Monday, January 3, 2011

What is "Right" and "Wrong"?




Therefore the Lord himself will give you a sign: The virgin will conceive and give birth to a son, and will call him Immanuel. He will be eating curds and honey when he knows enough to reject the wrong and choose the right, for before the boy knows enough to reject the wrong and choose the right, the land of the two kings you dread will be laid waste – Isaiah 7:14-16


Today’s Reading: Isaiah 7-8; Ephesians 2


So I was reading this passage and I just couldn’t get past it. It is so fascinating to me.

Us Christians believe that Jesus is the Immanuel that God is speaking of through Isaiah. So, of course as I got here to this passage I was like oh nice! Let me see what he has to say. Then I came to the 15th verse:


He will be eating curds and honey when he knows enough to reject the wrong and choose the right – Isaiah 7:15


Whoa whoa whoa! Wait a minute!

So this begs the answer to several questions. First of all what do you mean when he knows enough to reject the wrong and choose the right? I thought he was perfect (which I believe to be true)? So given that I believe that he was perfectly without sin then what does this say about sin? Does sin imply that you must have knowledge of the good or bad of a given situation?

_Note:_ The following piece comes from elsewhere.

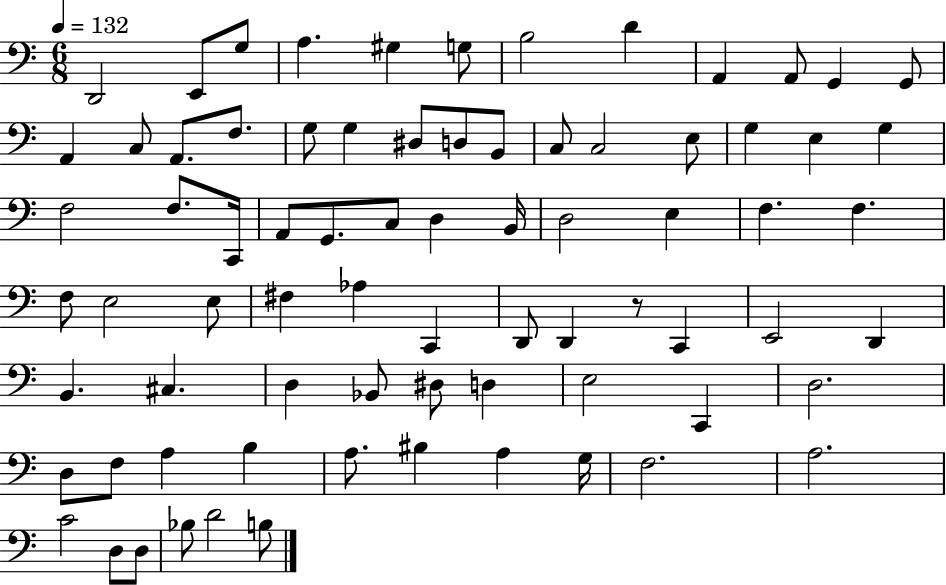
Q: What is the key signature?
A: C major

Then this made me jump back to the Adam and Eve tale where they ate the fruit from the tree of knowledge. It was then that they knew they were naked and hid themselves from God. Before that the only wrong they could do was to eat of that tree. Theoretically they could have done anything else that they wanted to. They wouldn’t have known better.

Then the next question is at what point can we say that someone knows wrong? What if you are a soldier who decided to fight for your country because you were raised to believe that your country was on the side of good in the world? What if in the field of battle you kill someone in a fire fight. Was it wrong? Without a doubt that person would have killed you right? What if the country that you thing is good was WWII Germany? Does that make you any more wrong than the soldiers fighting for American in Iraq?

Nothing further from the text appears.